(Stored data)
=== Begin Enclosure ===
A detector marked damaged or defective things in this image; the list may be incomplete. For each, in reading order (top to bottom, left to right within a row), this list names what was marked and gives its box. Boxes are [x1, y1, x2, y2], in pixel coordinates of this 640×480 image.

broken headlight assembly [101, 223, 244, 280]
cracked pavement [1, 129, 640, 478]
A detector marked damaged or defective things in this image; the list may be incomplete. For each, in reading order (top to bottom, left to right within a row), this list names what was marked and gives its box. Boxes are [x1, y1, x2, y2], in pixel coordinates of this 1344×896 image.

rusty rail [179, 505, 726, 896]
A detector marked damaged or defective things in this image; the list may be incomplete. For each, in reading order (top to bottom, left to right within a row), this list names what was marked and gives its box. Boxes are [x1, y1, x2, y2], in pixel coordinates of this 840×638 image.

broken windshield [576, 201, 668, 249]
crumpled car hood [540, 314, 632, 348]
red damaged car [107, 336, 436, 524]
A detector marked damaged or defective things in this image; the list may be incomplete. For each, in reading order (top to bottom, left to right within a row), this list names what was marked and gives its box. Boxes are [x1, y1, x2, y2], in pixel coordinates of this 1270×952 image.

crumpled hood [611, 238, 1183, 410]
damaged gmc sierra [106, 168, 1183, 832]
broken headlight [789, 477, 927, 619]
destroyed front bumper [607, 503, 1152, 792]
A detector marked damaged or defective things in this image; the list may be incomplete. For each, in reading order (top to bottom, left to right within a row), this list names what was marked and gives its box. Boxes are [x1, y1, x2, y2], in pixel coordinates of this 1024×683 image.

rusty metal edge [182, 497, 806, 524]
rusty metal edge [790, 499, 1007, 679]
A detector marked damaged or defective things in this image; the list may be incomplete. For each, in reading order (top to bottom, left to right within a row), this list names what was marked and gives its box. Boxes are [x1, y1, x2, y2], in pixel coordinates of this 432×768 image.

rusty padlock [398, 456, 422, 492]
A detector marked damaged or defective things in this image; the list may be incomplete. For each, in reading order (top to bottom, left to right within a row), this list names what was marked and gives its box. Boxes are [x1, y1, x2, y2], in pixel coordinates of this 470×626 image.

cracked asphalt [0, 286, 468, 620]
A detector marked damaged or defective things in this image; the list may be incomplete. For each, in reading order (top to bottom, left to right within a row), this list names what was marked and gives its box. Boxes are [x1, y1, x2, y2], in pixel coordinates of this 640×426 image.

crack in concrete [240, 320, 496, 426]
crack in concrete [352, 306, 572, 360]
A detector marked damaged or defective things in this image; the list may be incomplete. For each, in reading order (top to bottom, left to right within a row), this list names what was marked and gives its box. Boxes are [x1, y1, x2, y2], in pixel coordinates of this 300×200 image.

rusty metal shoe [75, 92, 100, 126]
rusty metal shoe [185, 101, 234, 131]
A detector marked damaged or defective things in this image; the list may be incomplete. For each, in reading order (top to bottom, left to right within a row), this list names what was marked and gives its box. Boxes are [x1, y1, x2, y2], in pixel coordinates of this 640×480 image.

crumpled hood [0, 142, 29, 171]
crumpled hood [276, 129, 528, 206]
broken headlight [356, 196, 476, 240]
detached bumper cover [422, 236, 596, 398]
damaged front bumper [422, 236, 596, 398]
=== End Enclosure ===
# How to complete this task:
Word for word, restate only the lines from the one containing "this 300×200 image." through the last line of the entries, with both ends kept.

# Response to the exercise:
A detector marked damaged or defective things in this image; the list may be incomplete. For each, in reading order (top to bottom, left to right within a row), this list names what was marked and gives its box. Boxes are [x1, y1, x2, y2], in pixel coordinates of this 300×200 image.

rusty metal shoe [75, 92, 100, 126]
rusty metal shoe [185, 101, 234, 131]
A detector marked damaged or defective things in this image; the list may be incomplete. For each, in reading order (top to bottom, left to right within a row), this list names what was marked and gives its box. Boxes are [x1, y1, x2, y2], in pixel coordinates of this 640×480 image.

crumpled hood [0, 142, 29, 171]
crumpled hood [276, 129, 528, 206]
broken headlight [356, 196, 476, 240]
detached bumper cover [422, 236, 596, 398]
damaged front bumper [422, 236, 596, 398]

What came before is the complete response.